Friday 4th Sep 2020
Recruitment invoice finance is a type of funding solution that’s designed to help businesses that struggle with cash flow. It’s an alternative to things like loans and overdrafts, and is of particular interest to recruiting firms. In this article, we’ll take a quick look at some of the most important points regarding this potentially useful product, and who can benefit from recruitment finance.
Why do recruitment businesses face cash flow problems?
Recruitment businesses naturally work on an invoice basis, and they have to carry out a large amount of work before they’re able to raise these invoices. This means that there can often be a challenge in balancing money between payroll and the settling of invoices. This challenge is all part of cash flow. Without ready access to cash, recruitment companies can struggle to meet their monthly commitments. They can also find it difficult to grow, which might hamper their ability to do things like win larger contracts.
Late payments of invoices can really compound this - although we’d all like invoices to be paid on time, this simply doesn’t happen in all cases. That’s where invoice finance comes in.
How does invoice finance work?
Invoice finance might not be as well-known as things like loans and overdrafts, but thankfully that doesn’t mean that it’s complicated. With invoice finance, you set up a facility with your lender, which turns into an ongoing funding stream. You’d place candidates in roles and raise invoices as normal, and then once you’ve done that, you send a copy to your finance provider, who will transfer around 80% of the value of the invoice right away. You then get the remainder, less fees such as interest, once the invoice has been settled.

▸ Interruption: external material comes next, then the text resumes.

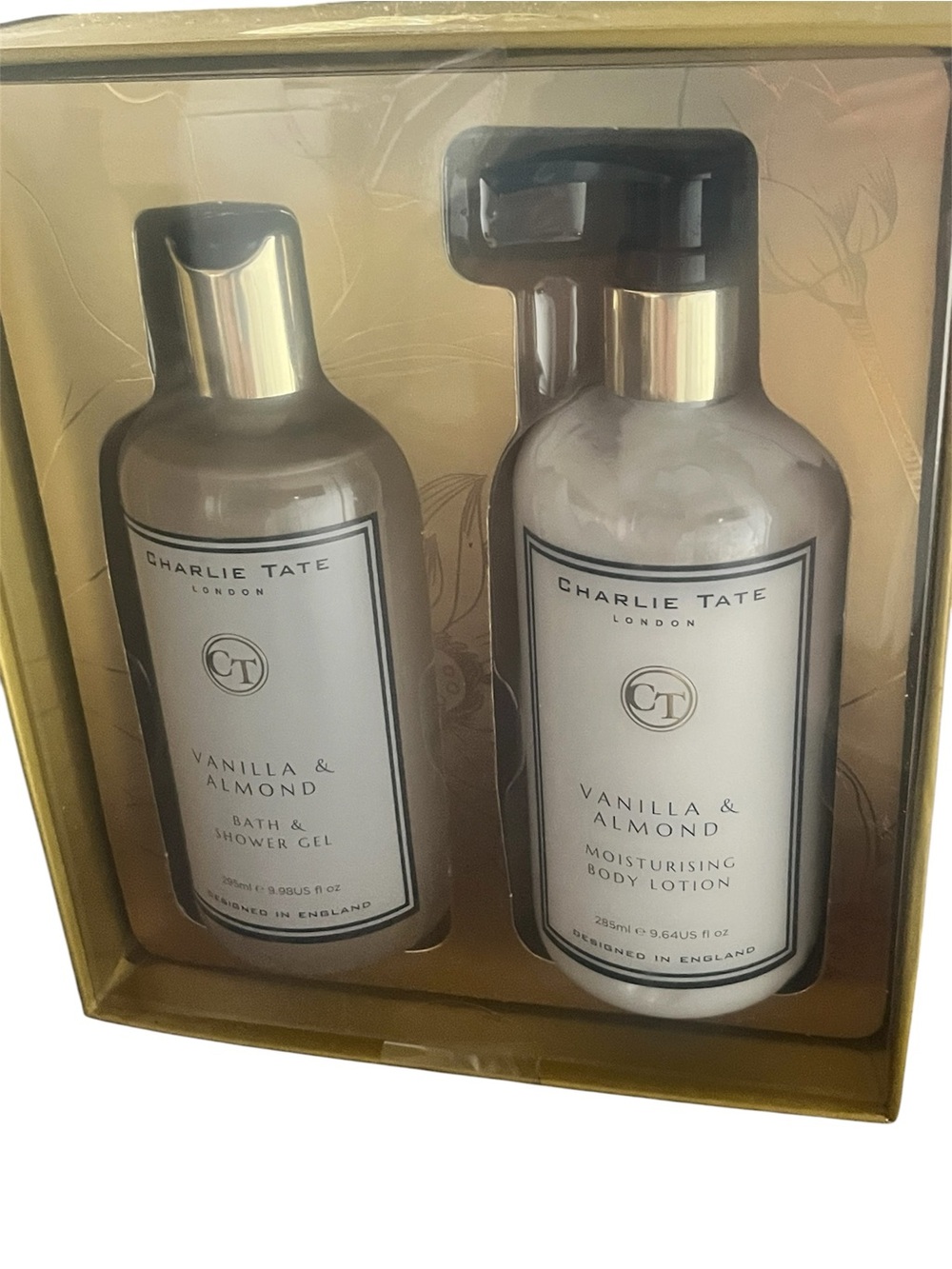 Vanilla & Almond Bath & Body Set - White Brand New H69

It’s always important to consider these fees when deciding whether or not invoice finance is right for your business, and consulting an independent advisor is never a bad idea. It’s all about weighing up the costs versus the benefits of having cash in the bank.
Is recruitment invoice finance a specific product?
Invoice finance is not limited to recruitment businesses. In fact, businesses of all types will employ it. It’s designed to help in any industry whereby cash flow issues are frequent, and that they’re often the result of late or unpaid invoices. However, as it’s common for recruitment firms to have this issue, the name ‘recruitment invoice finance’ has stuck. It’s worth being aware that there are also several different types of invoice finance, with factoring and discounting being the most well-known. The major difference between the two is that discounting is confidential, where factoring usually means allowing the invoice finance provider to look after credit control too.